Scottie can't deal with reality -- with a real flesh-and-blood woman. In the movie's most heartbreaking scene, Judy senses that Scottie prefers an illusion: "You can't even touch me!" And then, when Scottie begs her to change the color of her hair (color is a vital part of Scottie's obsessive fantasies; everything must be just so, from the suit to the coiffure), she asks: "If I let you change me, will that do it?

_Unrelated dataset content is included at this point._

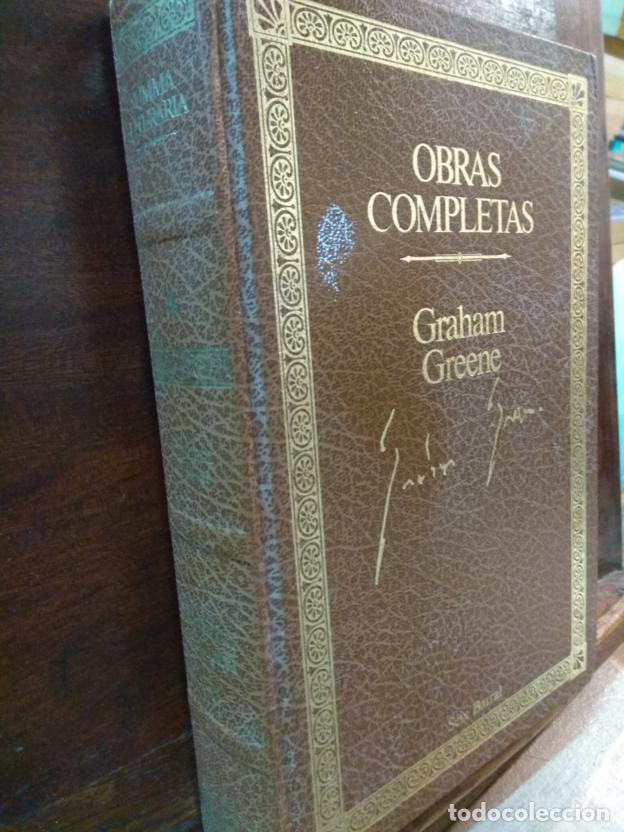 Libros: Obras completas - Foto 1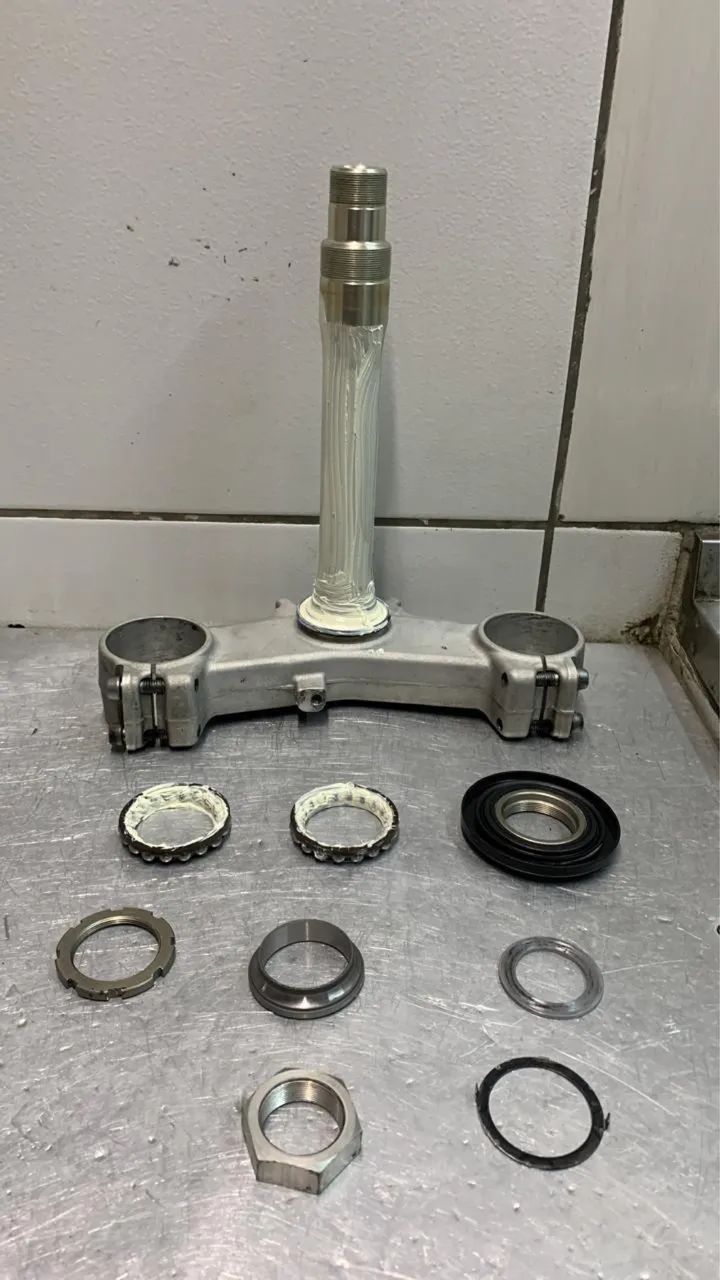 カイト　2012 Eixo Entalhado Caixa M Benz G85 A9762621705 – Br Truck Peças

If I let you change me … will you love me?" Like the artist in Edgar Allan Poe's , Scottie is so obsessed with creating his "work of art," that he doesn't even notice that he's draining the very life from his subject:

And in sooth some who beheld the portrait spoke of its resemblance in low words, as of a mighty marvel, and a proof not less of the power of the painter than of his deep love for her whom he depicted so surpassingly well…. And when many weeks had passed, and but little remained to do, save one brush upon the mouth and one tint upon the eye, the spirit of the lady again flickered up as the flame within the socket of the lamp. And then the brush was given, and then the tint was placed; and, for one moment, the painter stood entranced before the work which he had wrought; but in the next, while he yet gazed, he grew tremulous and very pallid, and aghast, and crying with a loud voice, 'This is indeed Life itself!’ turned suddenly to regard his beloved:—She was dead! (Edgar Allan Poe, The Oval Portrait)

In the end, Scottie is "cured" of his obsessive fantasies, his romantic illusions -- and, simultaneously, of his vertigo. But it’s a cure that leaves him on a precipice, staring directly into the "great abyss."